# WHAT THIS TASK INVOLVES
Starting with the line that has "Scritta led XMAS" and finishing with the line that has "CVKeskus.ee klient Müügikonsultant", set down each line below exactly. Pictures are not copied.

# RECORD SET
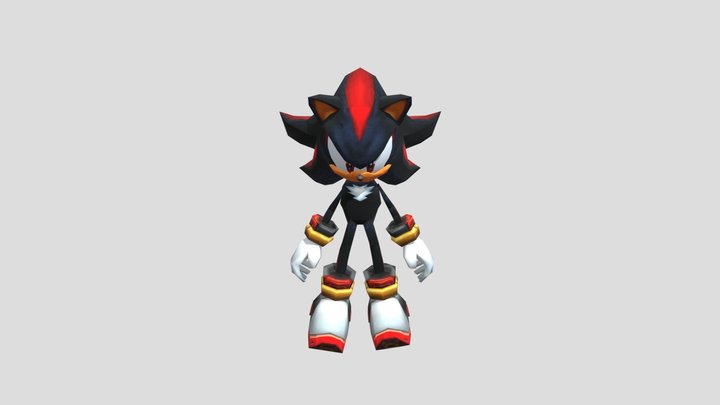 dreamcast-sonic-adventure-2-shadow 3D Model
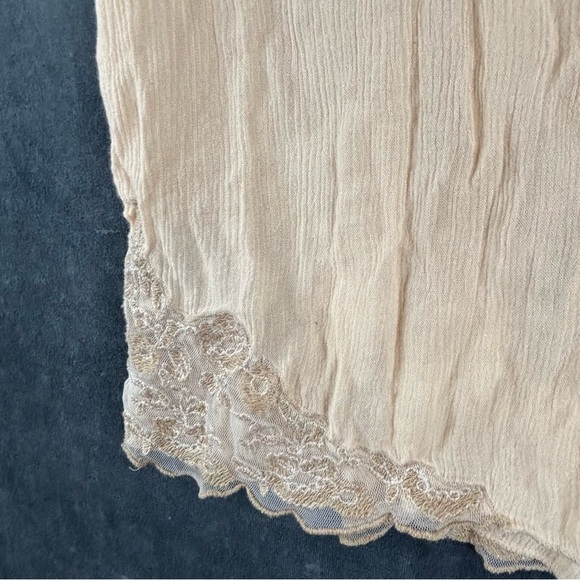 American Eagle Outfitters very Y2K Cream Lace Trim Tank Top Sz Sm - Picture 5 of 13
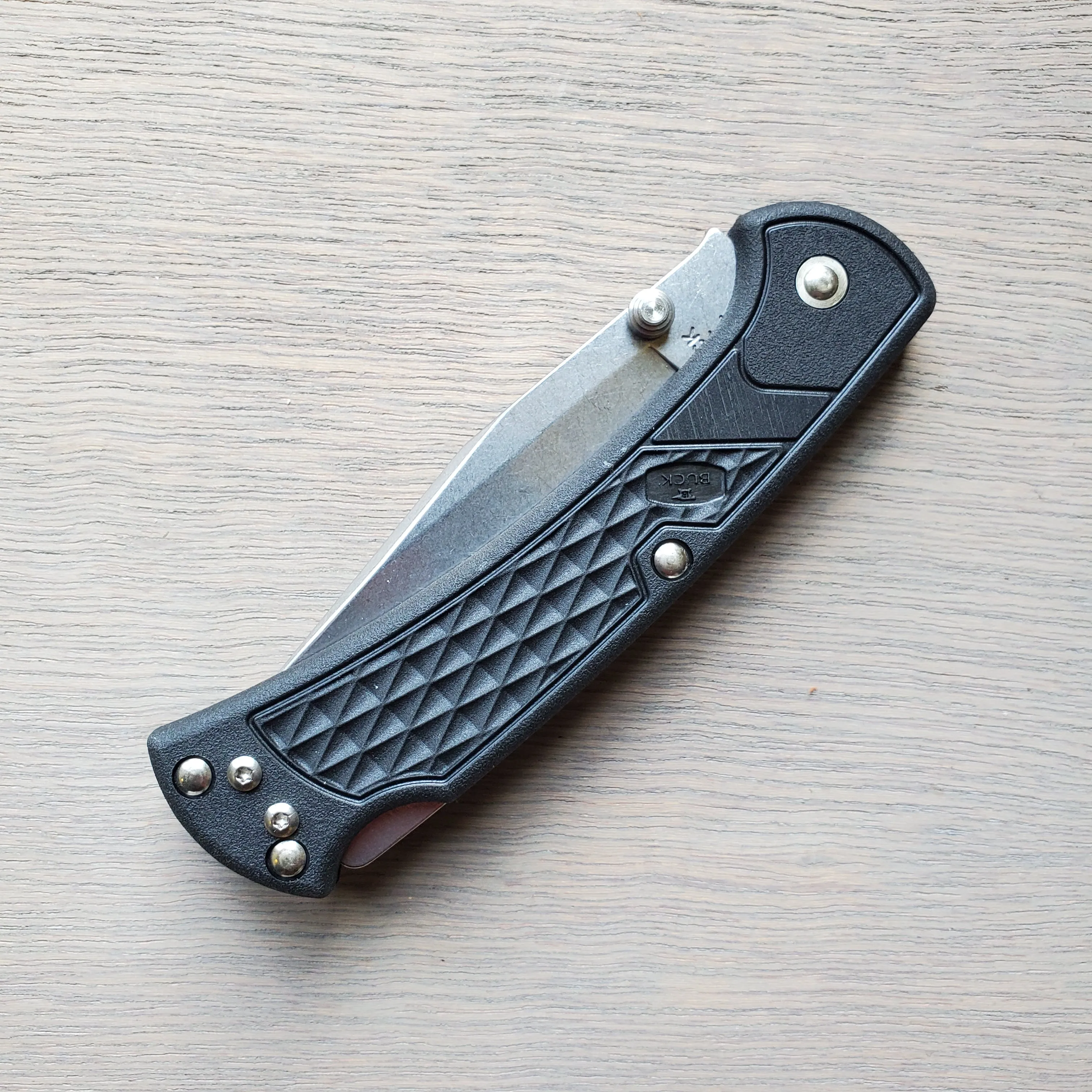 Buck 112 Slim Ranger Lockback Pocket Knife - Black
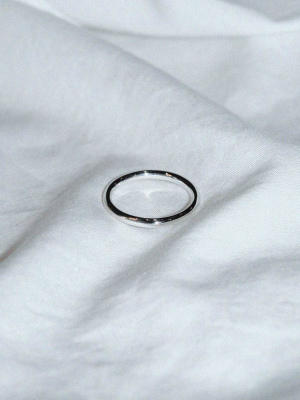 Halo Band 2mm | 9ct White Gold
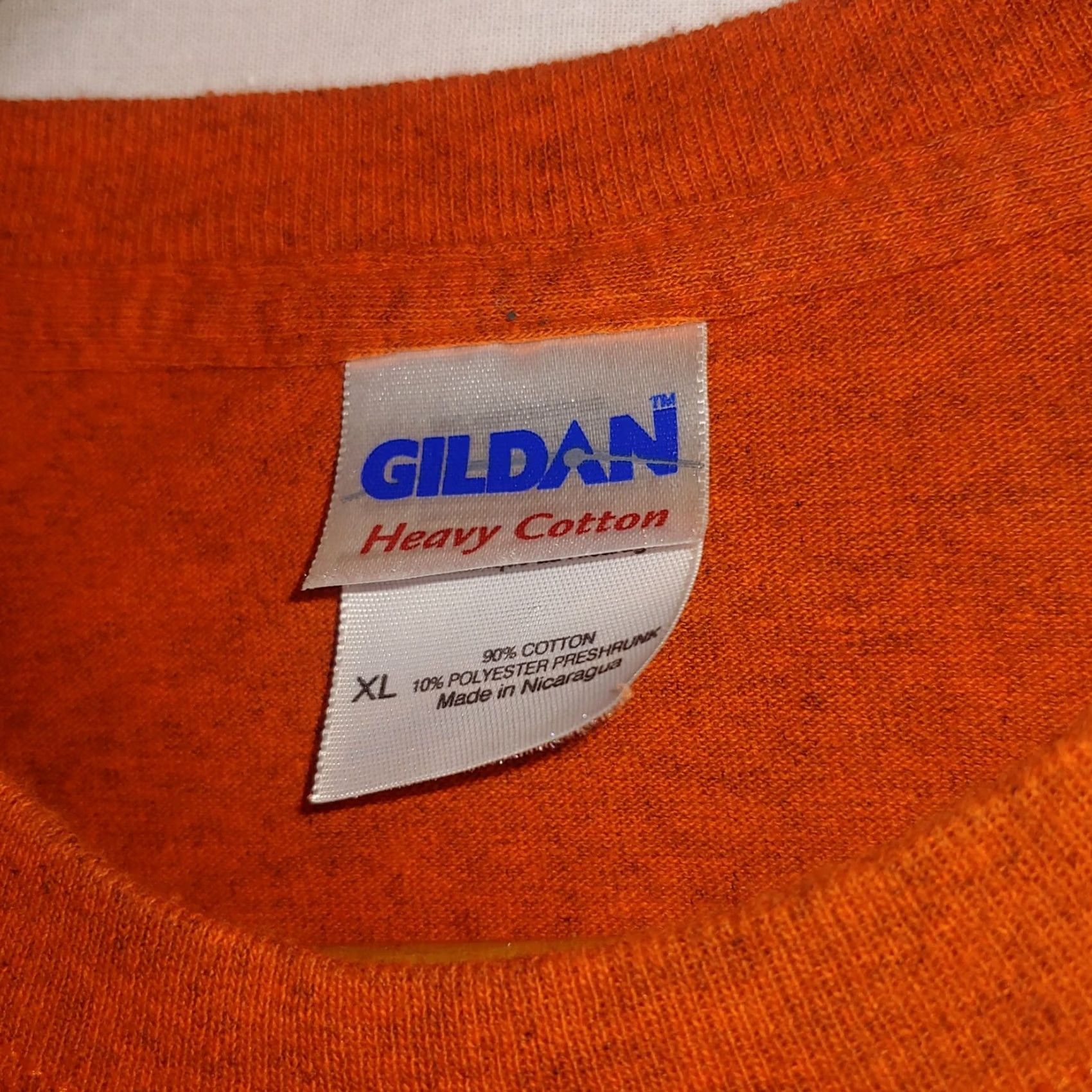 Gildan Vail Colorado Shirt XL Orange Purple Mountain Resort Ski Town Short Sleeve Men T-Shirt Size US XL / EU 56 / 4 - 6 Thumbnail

* * *

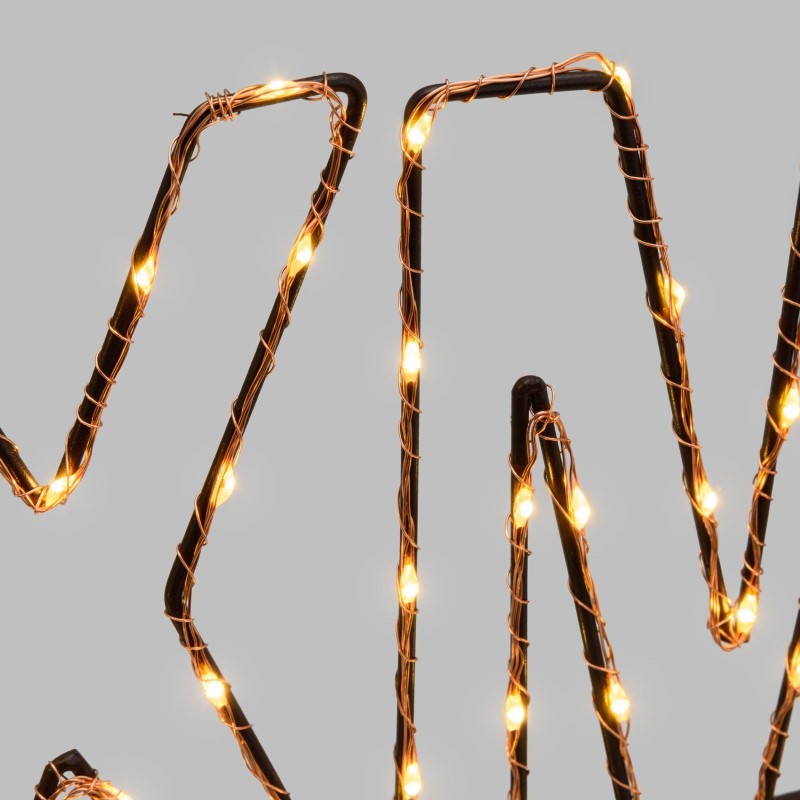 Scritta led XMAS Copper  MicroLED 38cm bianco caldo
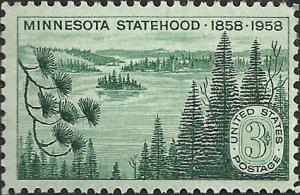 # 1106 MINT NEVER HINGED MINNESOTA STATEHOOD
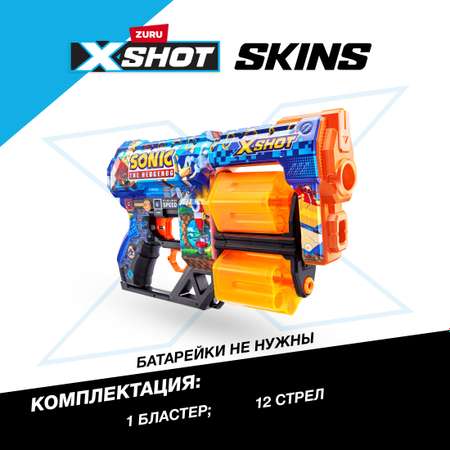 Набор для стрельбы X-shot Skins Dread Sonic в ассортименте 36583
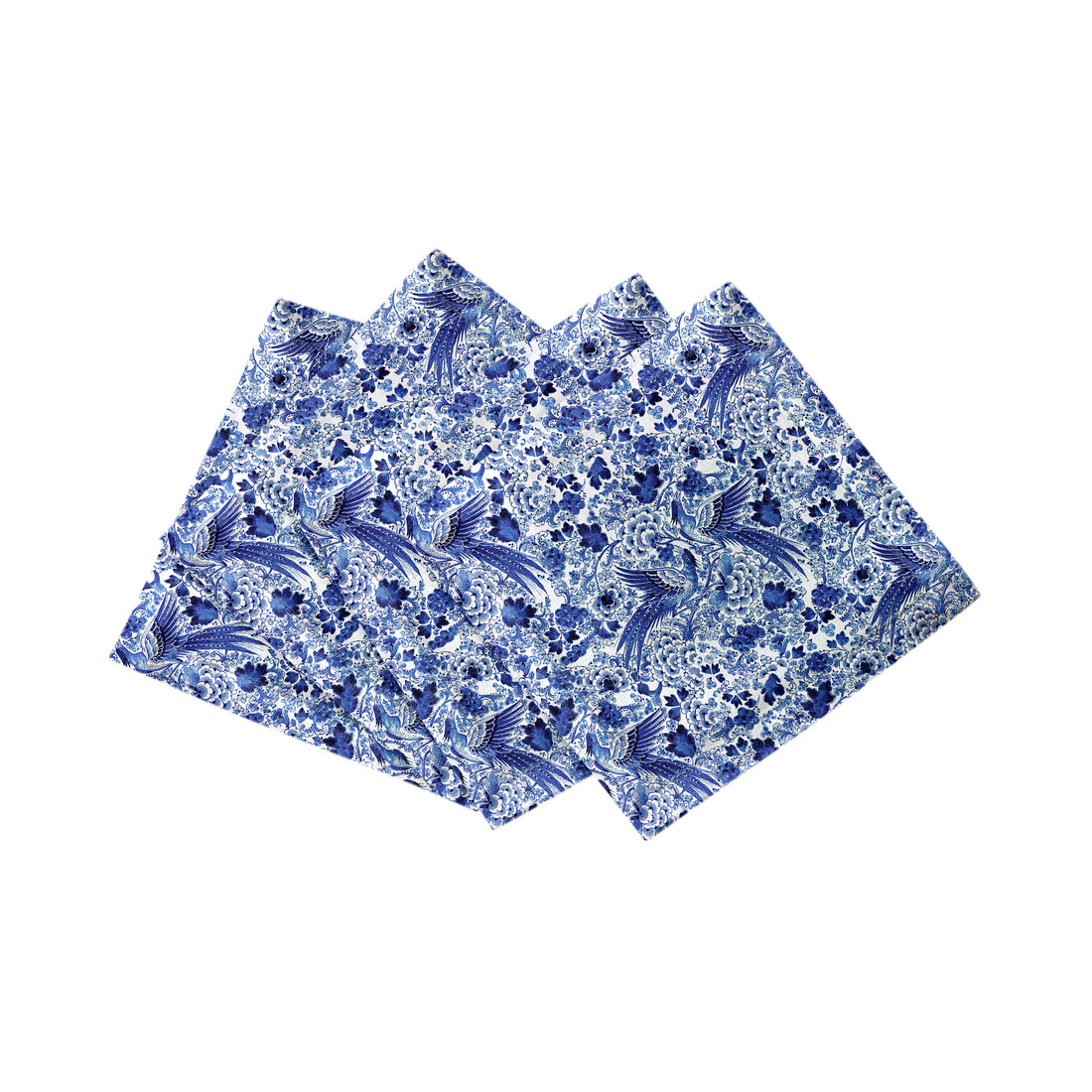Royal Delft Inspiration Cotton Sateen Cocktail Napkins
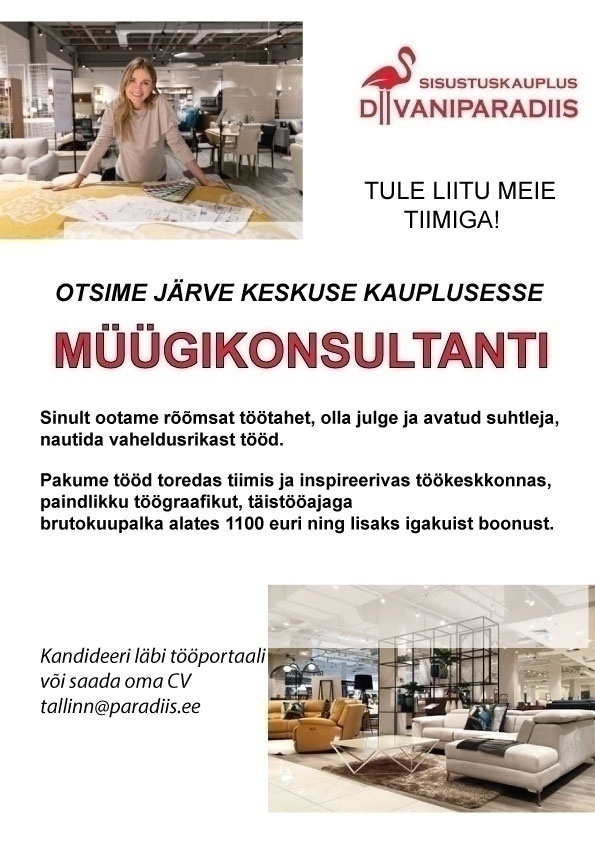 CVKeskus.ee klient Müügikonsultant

# RESPONSE FOR THIS EXERCISE
 Scritta led XMAS Copper  MicroLED 38cm bianco caldo
 # 1106 MINT NEVER HINGED MINNESOTA STATEHOOD
 Набор для стрельбы X-shot Skins Dread Sonic в ассортименте 36583
Royal Delft Inspiration Cotton Sateen Cocktail Napkins
 CVKeskus.ee klient Müügikonsultant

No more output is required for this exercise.